Varun Beverages, one of the largest franchisees of PepsiCo globally (outside the USA), announced its June quarter results on July 29, reporting a 3% decline in consolidated sales volumes to 389.7 million cases in Q2 CY25, down from 401.6 million cases a year earlier, impacted by the unusually early onset of monsoon rains during the peak summer months in India.
Indian volumes fell 7.1%, while international volumes grew 15.1%, led by a 16.1% increase in South Africa, partially offsetting the overall decline. Net realization per case at the consolidated level improved 0.5%, driven by a 6.6% improvement in international markets.
Revenue from operations decreased 2.5% YoY to ₹7,017 crore in Q2 CY25, compared to ₹7,196 crore in Q2 CY24. At the operating level, EBITDA rose 0.4% YoY to ₹1,998.8 crore, compared to ₹1,991.2 crore in the same quarter last year.
EBITDA margins expanded by 82 basis points to 28.5%, despite an increase in fixed overheads from newly commissioned capacities at four greenfield plants in India, which are yet to contribute incremental volumes.
At the bottom line, the decline in volumes weighed on profitability. However, operational efficiencies and lower finance costs helped the company post a 5% YoY increase in net profit to ₹1,325 crore in Q2 CY25, compared to ₹1,261 crore in the same period last year.
Commenting on the performance, Mr. Ravi Jaipuria, Chairman of Varun Beverages Limited, said, "Although unseasonal rains have impacted performance during the quarter, we have successfully navigated such challenges in the past and emerged stronger. We continue to strengthen our on-ground execution by adding more visi-coolers and ensuring wider product availability across retail touchpoints."
"With robust capacities now operational, an expanding product portfolio, and a sharply focused distribution network, we are well-positioned to capture emerging opportunities and drive sustainable, long-term value creation for all stakeholders," he further added," he further added.

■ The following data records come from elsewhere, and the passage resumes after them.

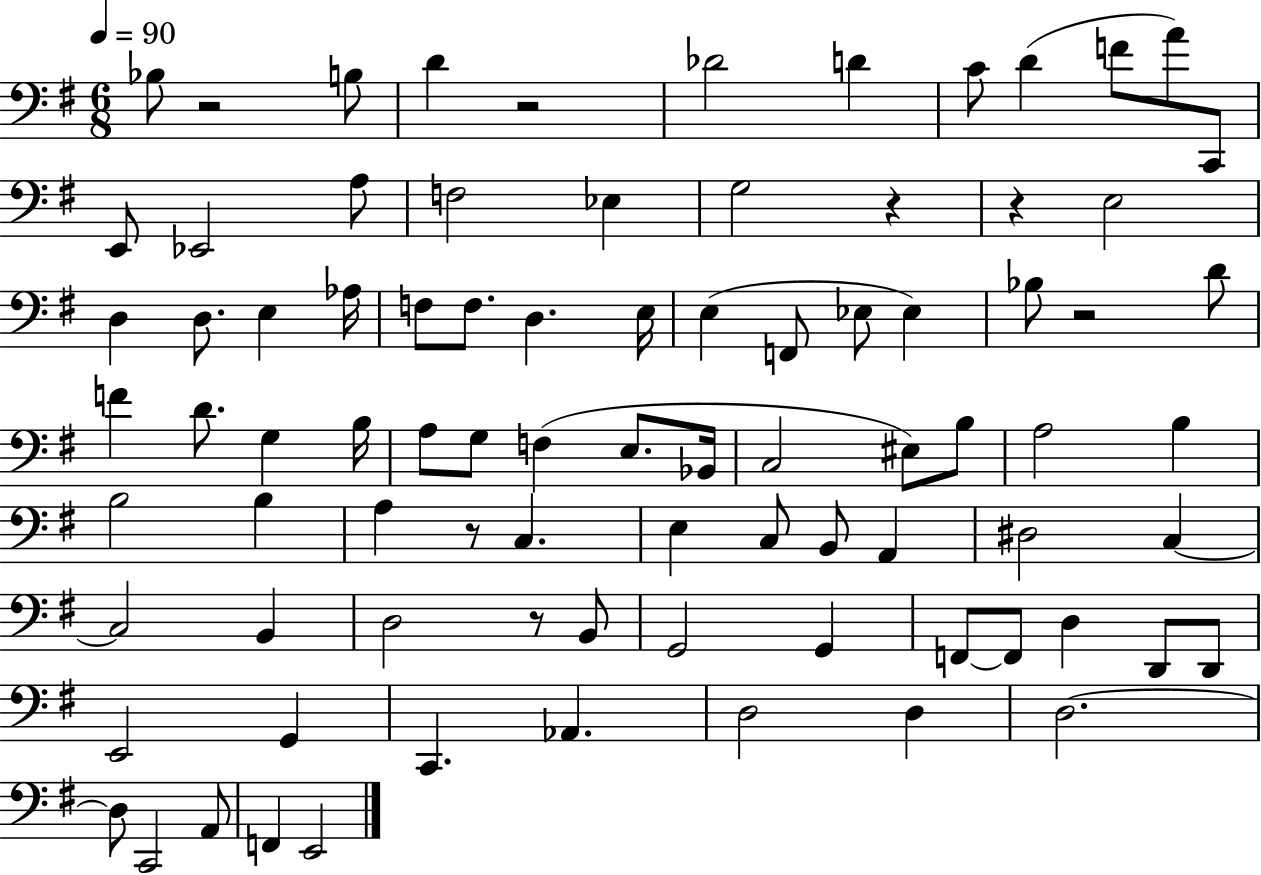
X:1
T:Untitled
M:6/8
L:1/4
K:G
_B,/2 z2 B,/2 D z2 _D2 D C/2 D F/2 A/2 C,,/2 E,,/2 _E,,2 A,/2 F,2 _E, G,2 z z E,2 D, D,/2 E, _A,/4 F,/2 F,/2 D, E,/4 E, F,,/2 _E,/2 _E, _B,/2 z2 D/2 F D/2 G, B,/4 A,/2 G,/2 F, E,/2 _B,,/4 C,2 ^E,/2 B,/2 A,2 B, B,2 B, A, z/2 C, E, C,/2 B,,/2 A,, ^D,2 C, C,2 B,, D,2 z/2 B,,/2 G,,2 G,, F,,/2 F,,/2 D, D,,/2 D,,/2 E,,2 G,, C,, _A,, D,2 D, D,2 D,/2 C,,2 A,,/2 F,, E,,2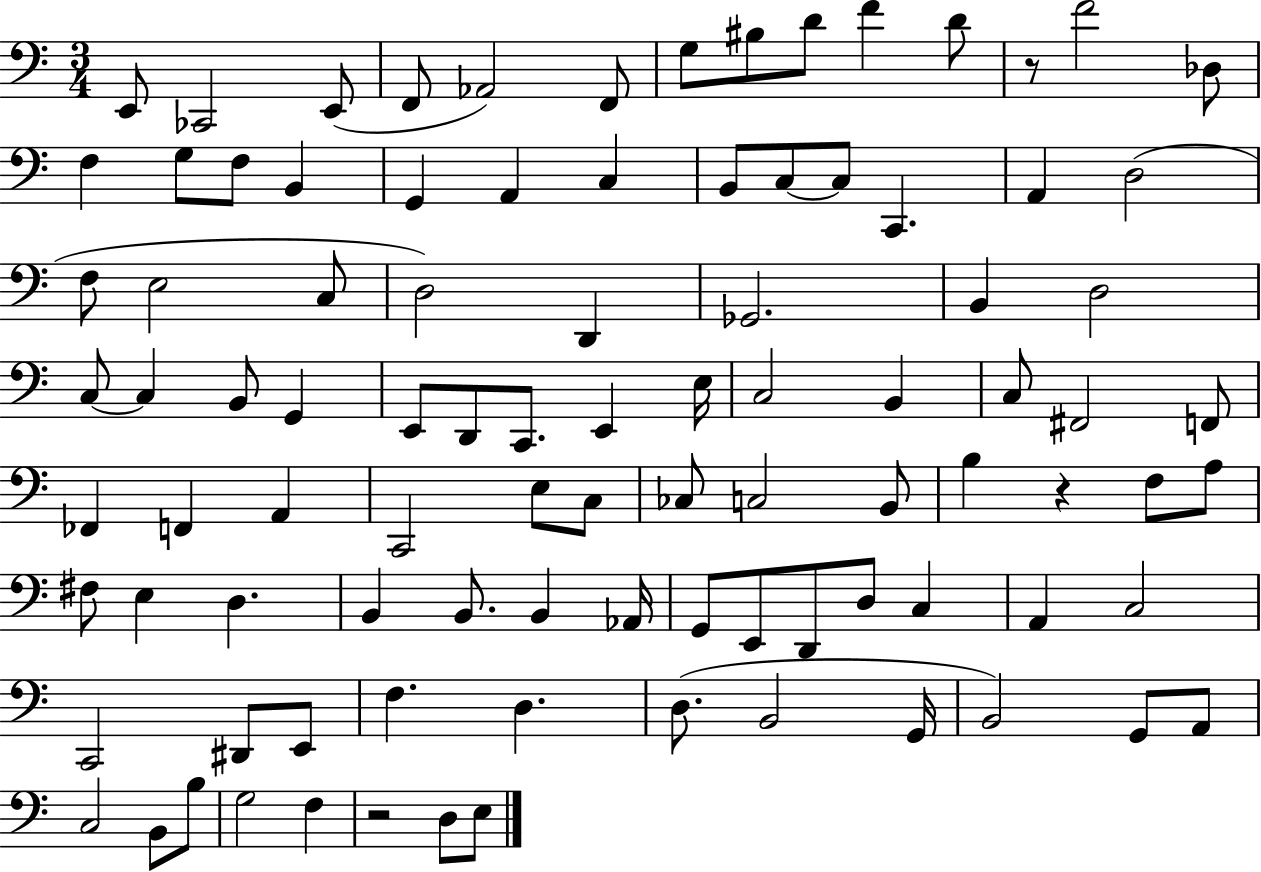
X:1
T:Untitled
M:3/4
L:1/4
K:C
E,,/2 _C,,2 E,,/2 F,,/2 _A,,2 F,,/2 G,/2 ^B,/2 D/2 F D/2 z/2 F2 _D,/2 F, G,/2 F,/2 B,, G,, A,, C, B,,/2 C,/2 C,/2 C,, A,, D,2 F,/2 E,2 C,/2 D,2 D,, _G,,2 B,, D,2 C,/2 C, B,,/2 G,, E,,/2 D,,/2 C,,/2 E,, E,/4 C,2 B,, C,/2 ^F,,2 F,,/2 _F,, F,, A,, C,,2 E,/2 C,/2 _C,/2 C,2 B,,/2 B, z F,/2 A,/2 ^F,/2 E, D, B,, B,,/2 B,, _A,,/4 G,,/2 E,,/2 D,,/2 D,/2 C, A,, C,2 C,,2 ^D,,/2 E,,/2 F, D, D,/2 B,,2 G,,/4 B,,2 G,,/2 A,,/2 C,2 B,,/2 B,/2 G,2 F, z2 D,/2 E,/2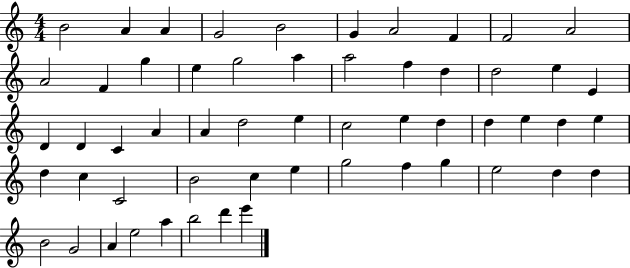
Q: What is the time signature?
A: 4/4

The Board of Directors has approved a second interim dividend of 25% of the face value of ₹2, amounting to ₹0.50 per share, resulting in a total cash outflow of approximately ₹169 crore. The company has fixed August 2, 2025, as the record date for determining the entitlement of equity shareholders to receive the second interim dividend.
The company stated that the interim dividend will be paid on or after August 5, 2025, to shareholders whose names appear in the Register of Members or in the list of beneficial owners maintained by the depositories as of August 2, 2025.